Exercise description: Each of the entries below is to be written out exactly, and the images skipped.

Source information:

________________________________________

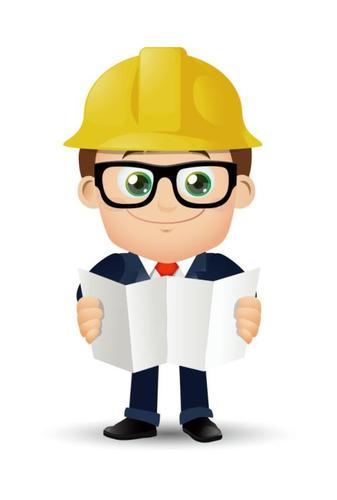土建工程师简笔画工程师职业卡通简笔画工程师简笔画 简单又好学长大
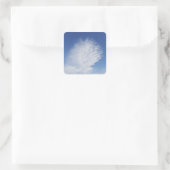 Mooie wolk vierkante sticker (Tas)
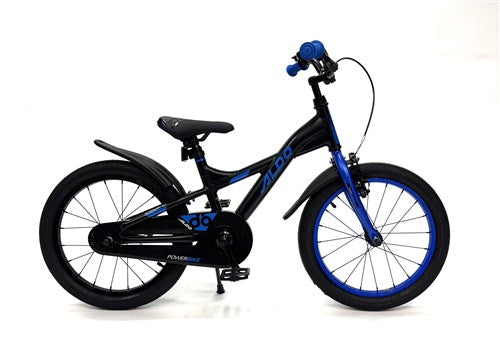 Aldo 18 Zoll Powerbike schwarz blau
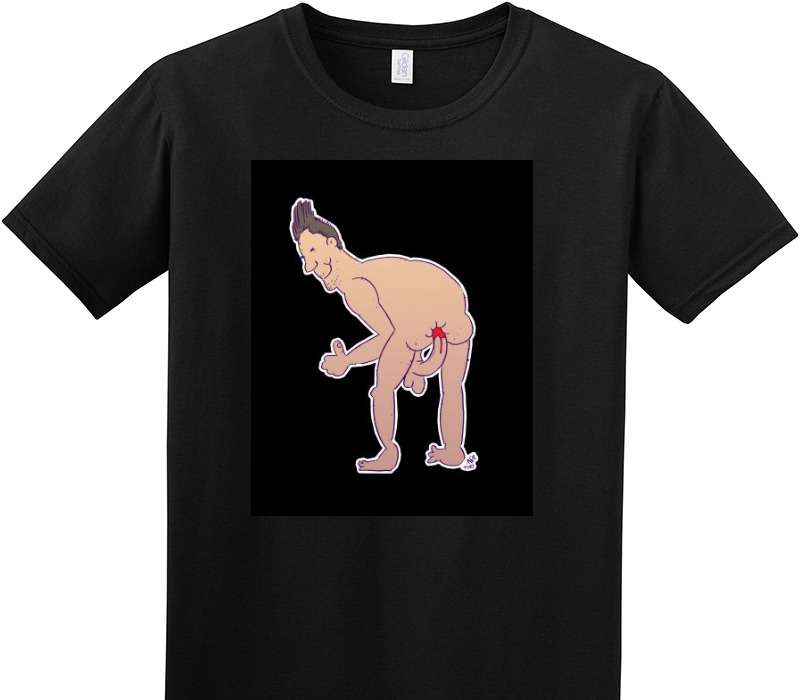 Custom Adult Soft Style 100% Cotton Black T-Shirt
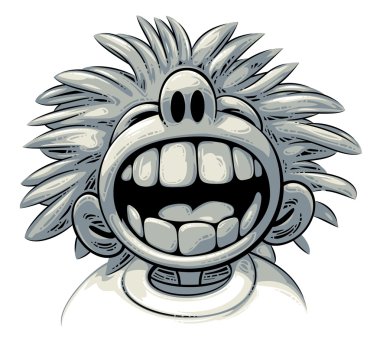 Overjoyed laugh clipart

________________________________________

Response area:
土建工程师简笔画工程师职业卡通简笔画工程师简笔画 简单又好学长大
 Mooie wolk vierkante sticker (Tas)
 Aldo 18 Zoll Powerbike schwarz blau
 Custom Adult Soft Style 100% Cotton Black T-Shirt
 Overjoyed laugh clipart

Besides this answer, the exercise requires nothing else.